Filling the Cyclone with the sold-out crowd for Shidare’s final live was a process that took an hour. Exactly an hour. From 5:00 to 6:00 p.m. we 300 lucky few were lined up by reservation number, led into the club stairwell by groups of 20 and then released to the cashier and into the club in groups of 10. Tokyo has seen a cold spell the last couple days, so people were shedding layers as we jostled, shifted and raised the room temperature with each additional body stuffed into the small space.
Still, the energy among the crowd was high with a kind of giddy yet morbid anticipation. Everyone seemed anxious for the show to start but dreaded what it signified: the beginning of the end of Shidare’s tenure in Tsurezure. The lights eventually dropped and the members walked out in their traditional intro of spoken words and passing hand-written talismans to audience members who ritually tear them to pieces. With the short ceremony complete, Tsurezure broke into “Doppelgänger” and the little black box exploded.
The show itself was truly a proper send-off for Shidare. It was one of those rare gigs where both those onstage and in the audience are in sync and determined to give everything they have. This was 300 die-hard fans and a group trying to deliver the perfect farewell to a beloved member. For the first few songs, Mei Yui Mei was bursting into tears on a regular basis but powering through. Kotetsu looked to be in a similar state but kept brushing her hair over her face, so it was hard to tell for sure. The crowd was practically non-stop lifting, moshing and surfing to the point where, during “Gunjo”, Komachi looked at the chaos in the audience and the permanent stoicism on her face cracked into a smile.
The heat in the place took a bit of a toll and, after the first MC break, those who could stripped off another layer and the crowd settled in for a few songs. This relative calm was eventually shattered by the first notes of “Ideology” and, now rested, pandemonium broke out in the audience once again. A couple of ultramarines had brought in fake cherry blossom branches and, in an almost perfect moment, were lifted and launched towards the stage to frame Shidare in sakura as she sang that soaring bridge.
After 60 minutes, Tsurezure left the stage for a short break which I believe the sweat-soaked audience needed as much as the performers. Tsurezure returned shortly to kick off their first encore with the most rousing performance of “Shinjuku Cinema Connection” I can remember. In general, the show’s set list favored their earlier material, including almost the entirety of Post Catastrophe and most of Antino Mi Ideology, which the audience seems to appreciate. During “Tsureduresanka”, the gunjo formed a wall of lifters that stretched the entire width of the theater. It was a pretty impressive feat. The group’s tears from earlier in the evening seemed to have been overcome for the moment, and Tsurezure were now visibly enjoying themselves. In closing the first encore with “GaGa”, Shidare looked so happy she forgot the choreography and ended up stumbling into her laughing partners more than once.
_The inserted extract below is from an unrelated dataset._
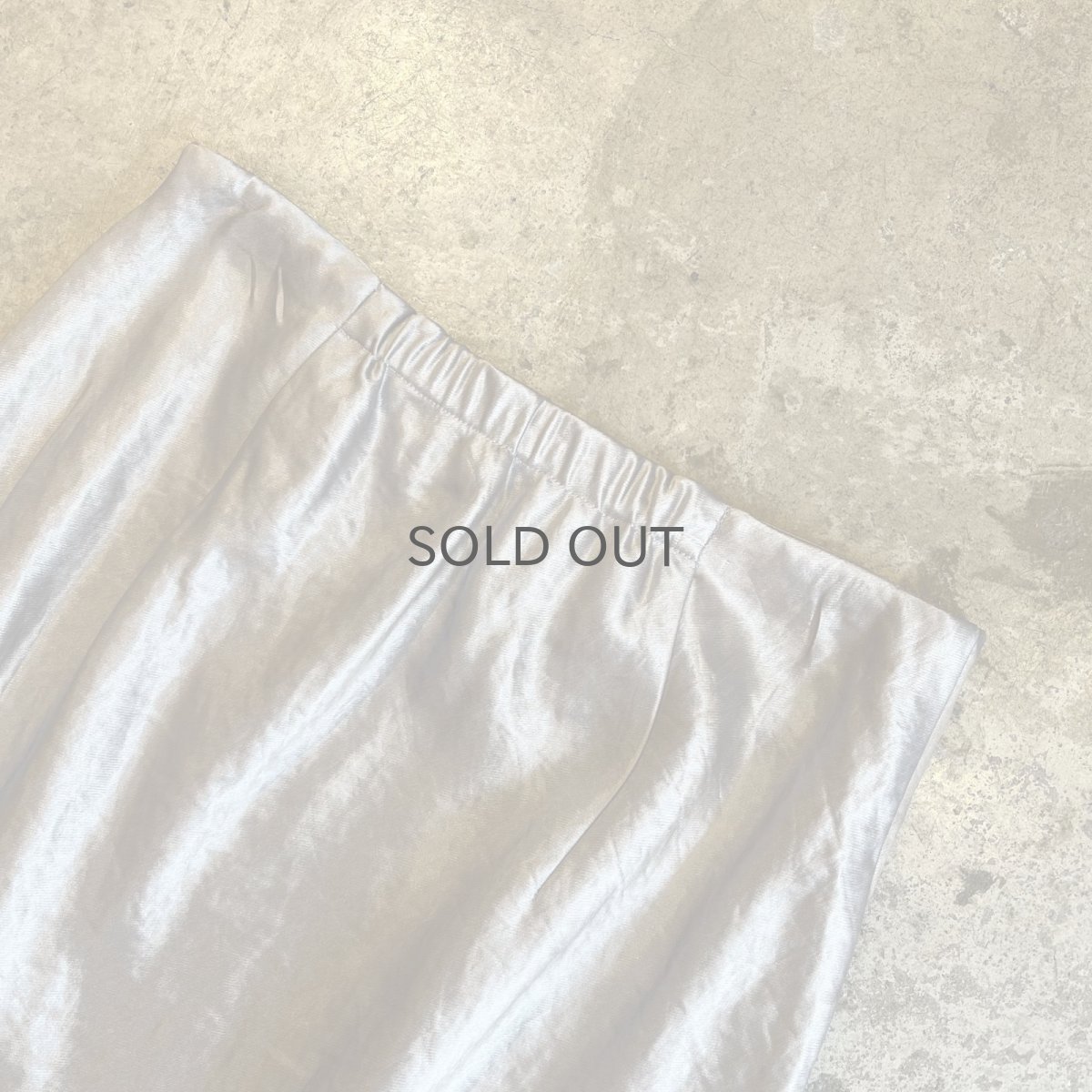 画像10: LUSTER METALLIC COLOR A LINE DESIGN LONG SKIRT / W24~W25 (10)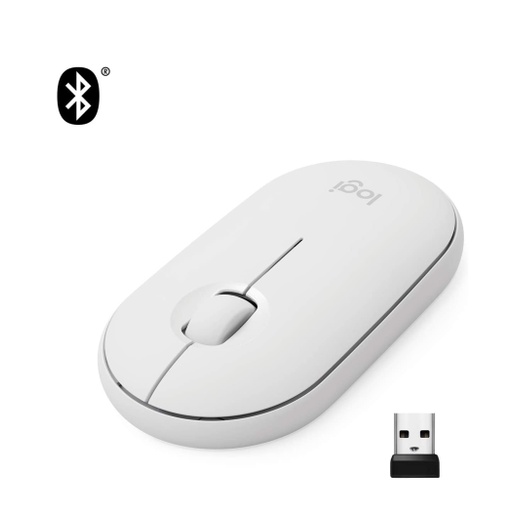 Chuột không dây Pebble M350 - Kết nối Bluetooth hoặc đầu thu 2.4 GHz,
The second encore was much shorter and more poignant, made up of only “Loud Asymmetry” and closing the show (and the career of Tsurezure’s center) with Shidare’s solo song, “Kuro Byakuya”. This was followed by many tears and emotional words from the members, thanking and wishing Shidare well. Most poignantly, I thought, was Shidare’s co-founding partner Komachi, who tried to form a sentence and then, before she could start crying, stopped, collected herself and just quickly blurted out, “arigatou gozaimasu”.
While the show was over at this point, the evening was not. Management started shouting instructions for cheki lines while people held up the random items found strewn across the floor during the lifts and pits. Jackets, shoes, and even a passport were reunited with those who had lost them in the chaos while the 300 slowly unpacked themselves from the Cyclone into Shidare’s farewell cheki line. In the end, the line stretched from the stage, through the club, out the door and up the stairwell to the street. Our first trip through the line took two hours even though they were limiting interaction with Shidare to 45 seconds. They were also only allowing two cheki at a time, so those who wanted more had to get in line again.
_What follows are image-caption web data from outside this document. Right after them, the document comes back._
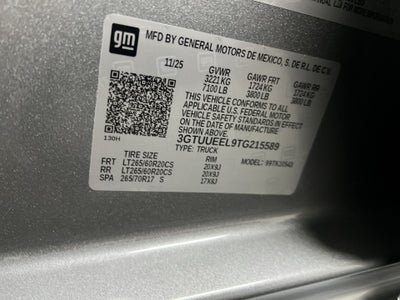 2026 GMC Sierra 1500 AT4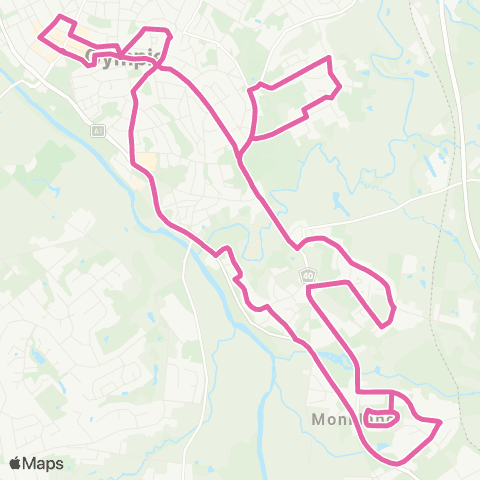 Translink Gympie Gympie Southern, Northern and Central loops map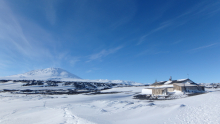 Mt. Erebus and Scott's Hut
Overall it was a helluva show which you will be able to see for yourself if you join their international fan club. Tsurezure were firing on all cylinders, and the audience didn’t hold anything back. I believe it will prove to be an unforgettable send-off for Shidare and I’m really grateful I had the chance to wish her a proper farewell. The only downside really was just the whole reason for putting the show on at all.